I have always been a performer, even when I’m not on stage. I’ll admit, I love having–often hogging–the spotlight. Singing, in particular, has always brought me joy. Acting has also come naturally to me. I have been performing in musical theater since I was in high school, and during and after college, my addiction to musicals only deepened.
Except, of course, for that one nagging little detail: I can’t dance.
Even before my ankylosing spondylitis manifested, my dancing was limited. I had surgery for scoliosis when I was twelve, and with the addition of a couple pounds of metal in my spine, there already wasn’t a lot I could do. AS combined with the metal in my spine made things worse–now, not only could I not bend, but my hips and legs had trouble.

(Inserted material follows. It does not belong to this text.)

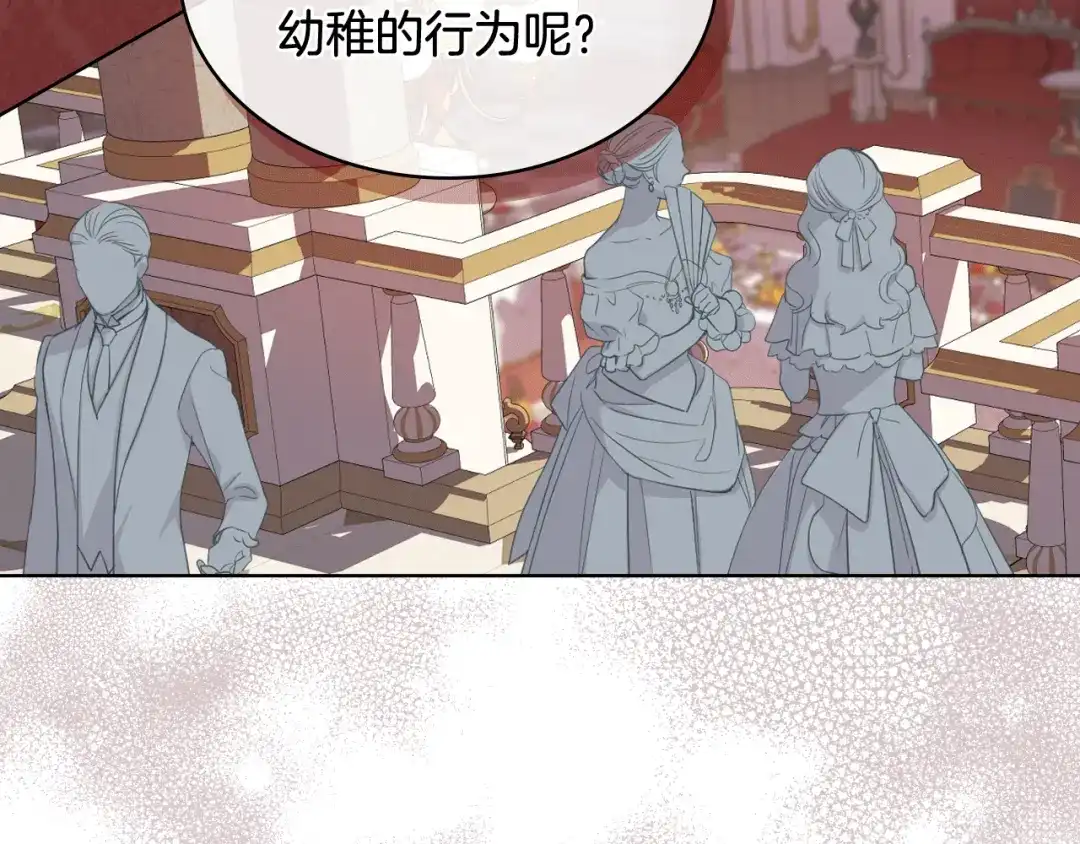 《女骑士的爱慕者们》第79话 我该怎么做？ 第93页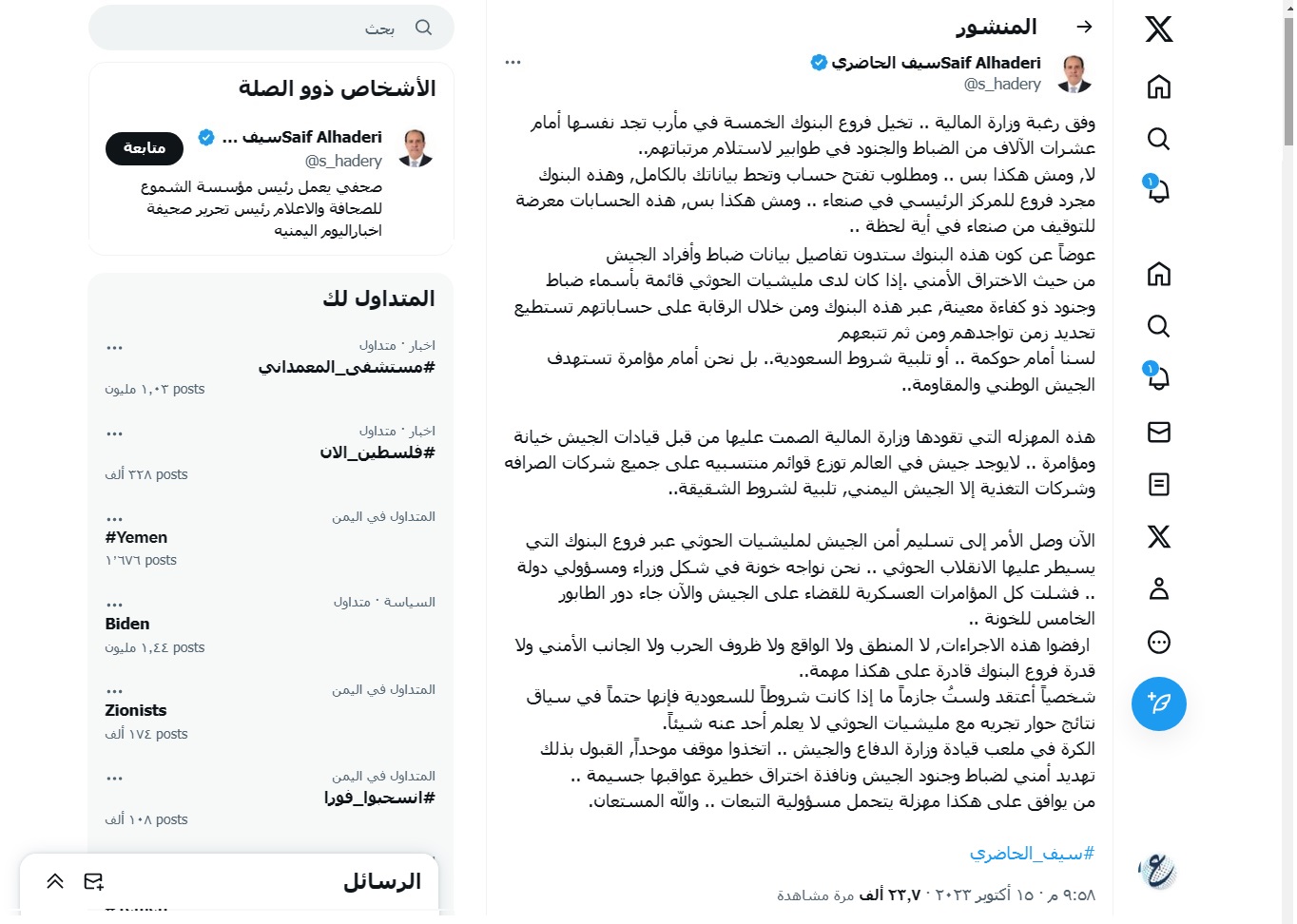 الجيش الوطني يتعرض لأخطر استهداف (وثيقة)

Still, I continued to perform. When I couldn’t get away with my awkward dancing, I played in the pit orchestra. In the meantime, though, my condition only got worse. When I started working full-time, I started walking with a cane part-time. Now that I live in a place where driving is near impossible, and where there are few elevators but many stairs, I’ve had to give up theater entirely. I have to climb two flights of stairs just to get to my apartment, and even when I’m not on the cane, I can’t overexert myself. My legs go numb. My hips creak. My already fused spine declares mutiny.
There is one difference, though, between my story and many others’: I didn’t live with a mystery. My mother was diagnosed before I was born, so as soon as I started exhibiting symptoms, I went to the doctor and got a swift diagnosis. I delayed sharing the news with my mother, though, because admitting I had a problem would be the first step to an acceptance I did not want to accept.
Current status: working part-time at a few jobs. I don’t have to be on my feet or standing for too long, so the variety helps. My social life–which mostly consisted of performing and karaoke–has definitely been cut short. After all, nobody wants to party with a cane.